**Task description:**
Produce an exact transcription of the data, with the images left out.

**Recorded data:**
◇ ◇ ◇ ◇ ◇
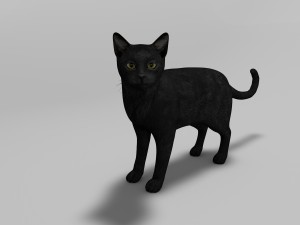 black cat rigged 3Dモデル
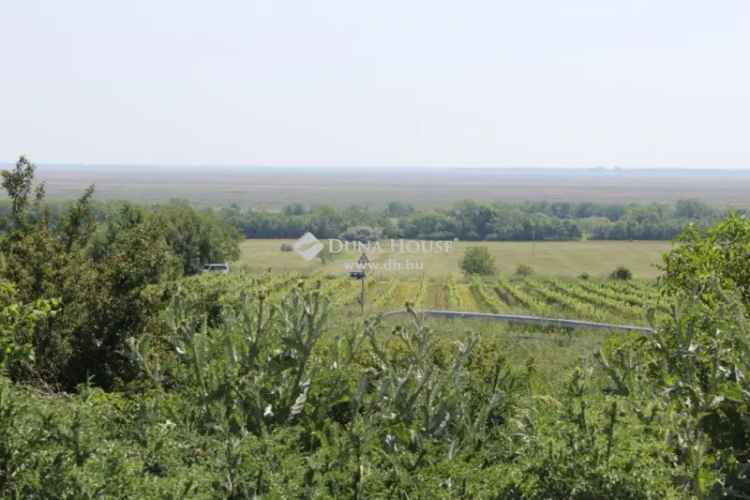 Eladó telek Balfon szőlőművelésre panorámás kilátással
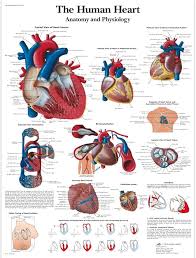 Tabla Anatómica del Corazón - 3B Scientific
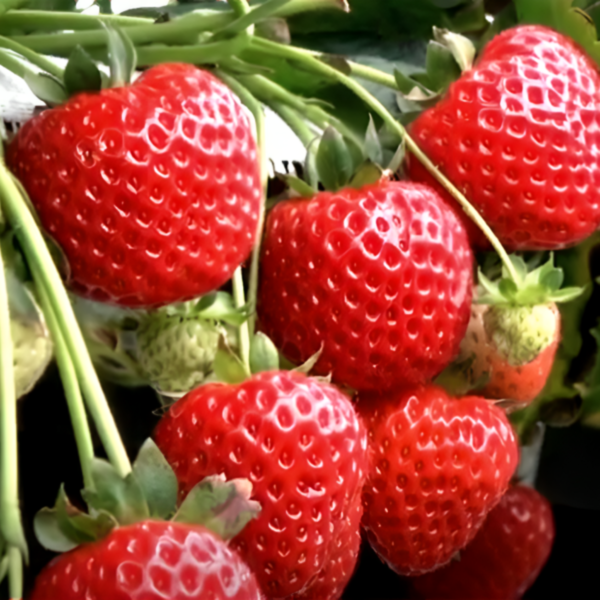 Хадемар саженцы клубники купить.🍓🌱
◇ ◇ ◇ ◇ ◇
**Solution to this task:**
 black cat rigged 3Dモデル
 Eladó telek Balfon szőlőművelésre panorámás kilátással
 Tabla Anatómica del Corazón - 3B Scientific
 Хадемар саженцы клубники купить.🍓🌱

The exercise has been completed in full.